Se hallaba en cierta ocasión Nasruddin –que tenía su día filosófico- reflexionando en alta voz: “Vida y muerte… ¿quién puede decir lo que son?” Su mujer, que estaba trabajando en la cocina le oyó y dijo: “Los hombres sois todos iguales, absolutamente estúpidos. Todo el mundo sabe que cuando las extremidades de un hombre están rígidas y frías, ese hombre está muerto”.
Nasruddin quedó impresionado por la sabiduría práctica de su mujer. Cuando, en otra ocasión se vio sorprendido por la nieve, sintió cómo sus manos y sus pies se congelaban y se entumecían. “Sin duda estoy muerto”, pensó. Pero otro pensamiento le asaltó de pronto: “¿Y qué hago yo paseando, si estoy muerto? Debería estar tendido, como cualquier muerto respetable”. Y esto fue lo que hizo.
Una hora después, unas personas que iban de viaje pasaron por allí y, al verle tendido junto al camino, se pusieron a discutir si aquel hombre estaba vivo o muerto.
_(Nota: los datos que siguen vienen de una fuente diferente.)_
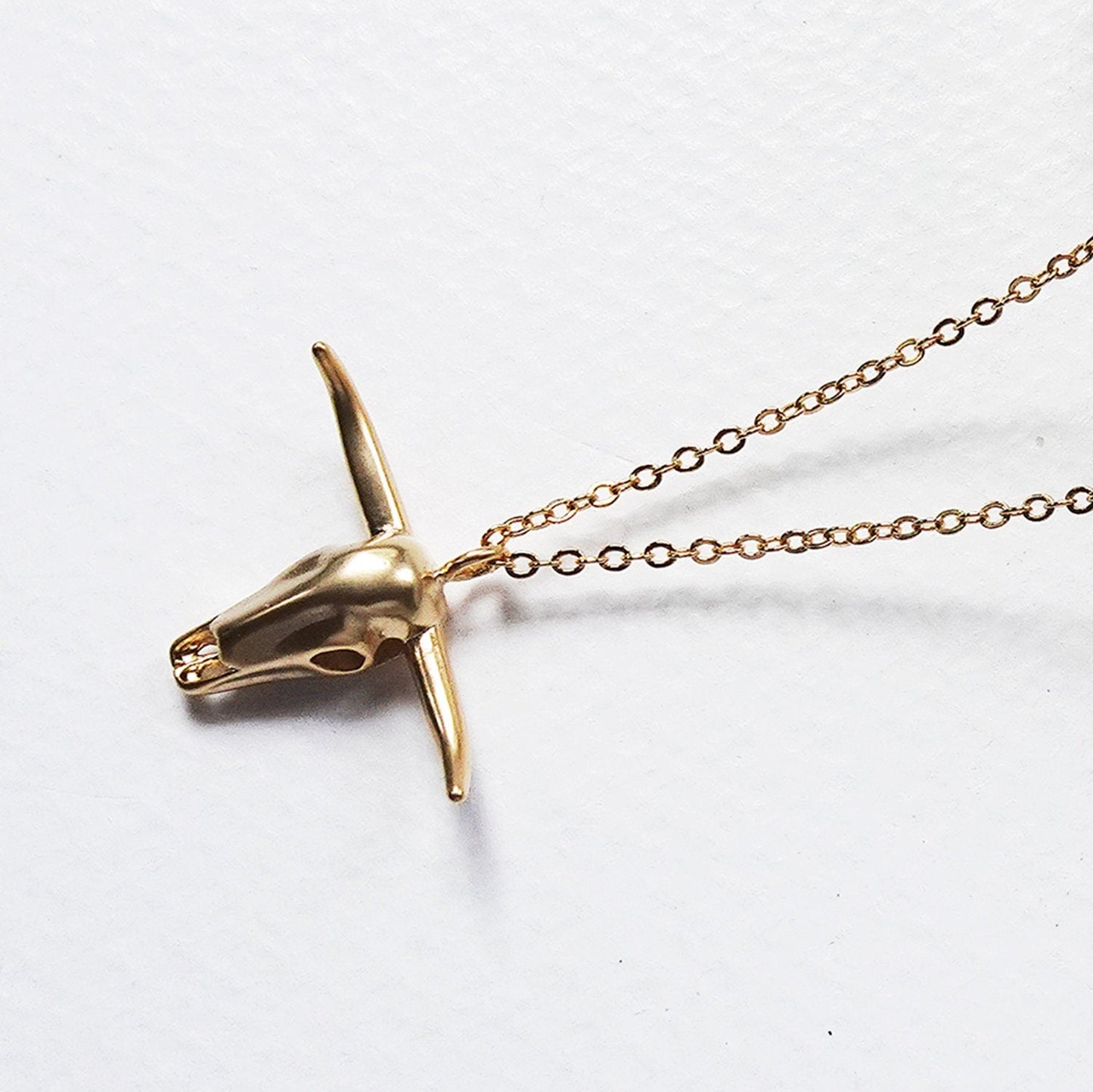 longhorn necklace, bull skull necklace, cow skull necklace, cowgirl jewelry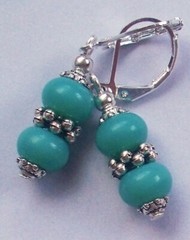 double JADE Beach Colors earrings handcrafted SP CHOOSE XX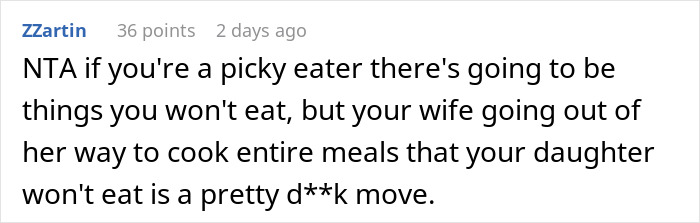 Man Discovers Wife Purposefully Cooks Meals Daughter Won&rsquo;t Eat, Decides On Divorce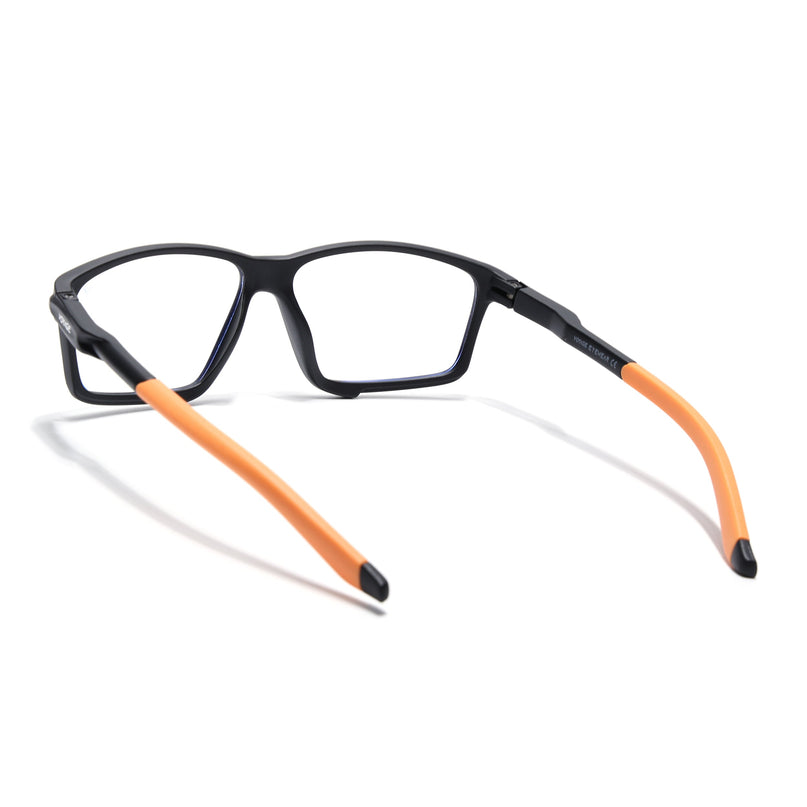 Voyage Active Black Rectangle Eyeglasses for Men & Women - MG5689-C7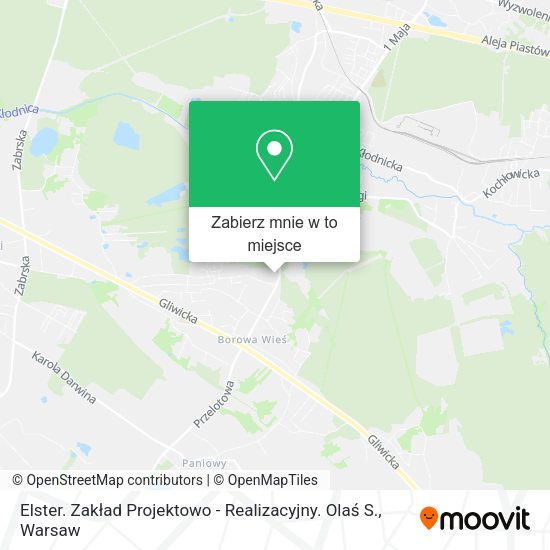 Mapa Elster. Zakład Projektowo - Realizacyjny. Olaś S.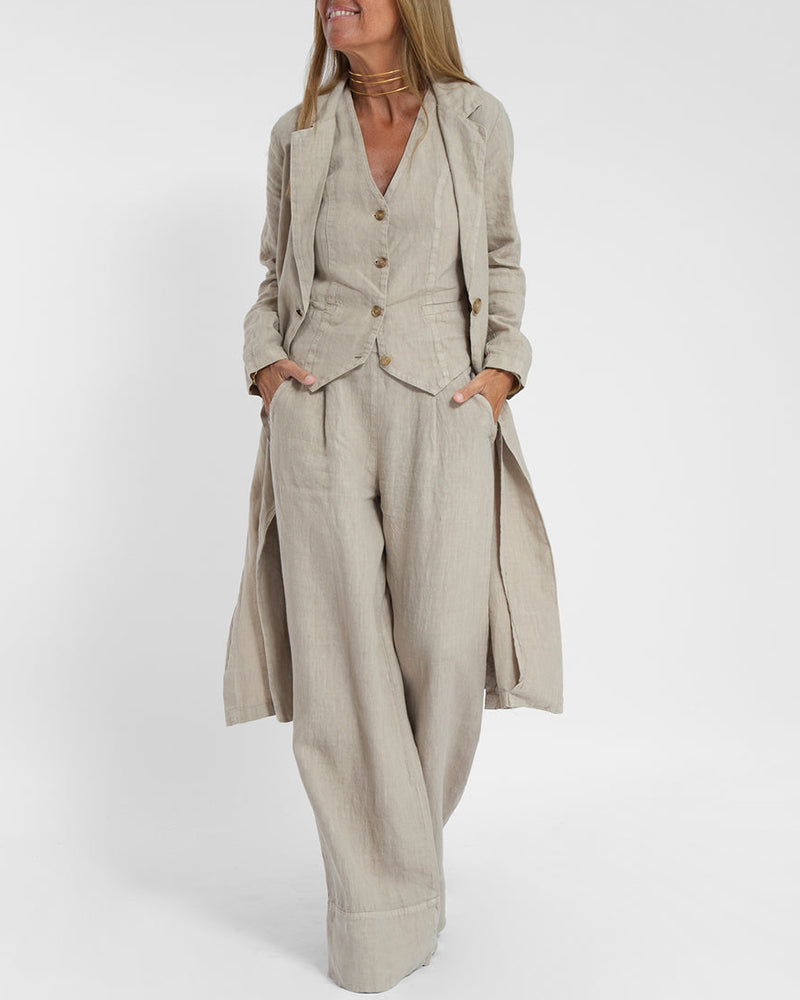 Lila - Flowing Wide-Leg Pants & Sleeveless Vest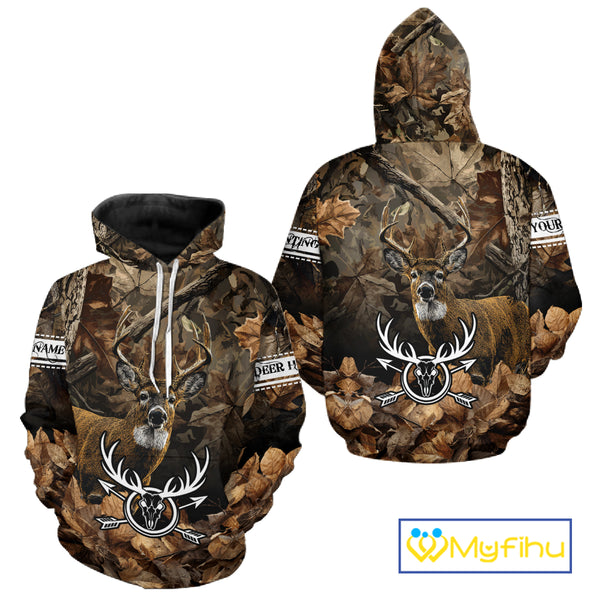 Deer Hunting Custom Name Camouflage Hunting Clothing, Deer Hunting Shirt, Hunting Gifts NBT289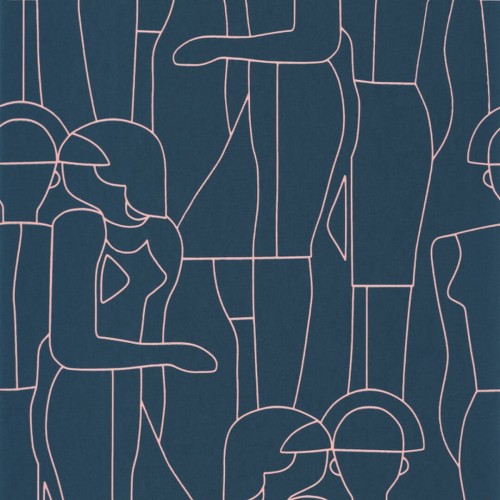 Tapeta linie, modelki Casadeco CONI 88436818 Model Iconic
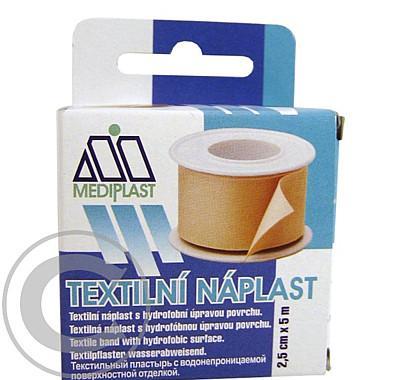 Náplast Mediplast 2.5 cmx5 m tkaná cívková, Náplast, Mediplast, 2.5, cmx5, m, tkaná, cívková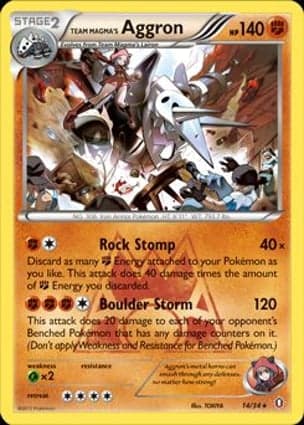 Carta Aggron da Equipe Magma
Nasruddin deseaba con toda su alma gritar y decirles: “Estáis locos. ¿No veis que estoy muerto? ¿No veis que mis extremidades están frías y rígidas?”. Pero se dio cuenta de que los muertos no deben hablar. De modo que refrenó su lengua.
Por fin, los viajeros decidieron que el hombre estaba muerto y cargaron sobre sus hombros el cadáver para llevarlo al cementerio y enterrarlo. No habían recorrido aún mucha distancia cuando llegaron a una bifurcación. Una nueva disputa surgió entre ellos acerca de cuál sería el camino del cementerio. Nasruddin aguantó cuanto pudo, pero al fin no fue capaz de contenerse y dijo: “Perdón, caballeros, pero el camino que lleva al cementerio es el de la izquierda. Ya sé que se supone que los muertos no deben hablar, pero he roto la norma sólo por esta vez y les aseguro que no volveré a decir una palabra”.
Cuando la realidad choca con una creencia rígidamente afirmada, la que sale perdiendo es la realidad.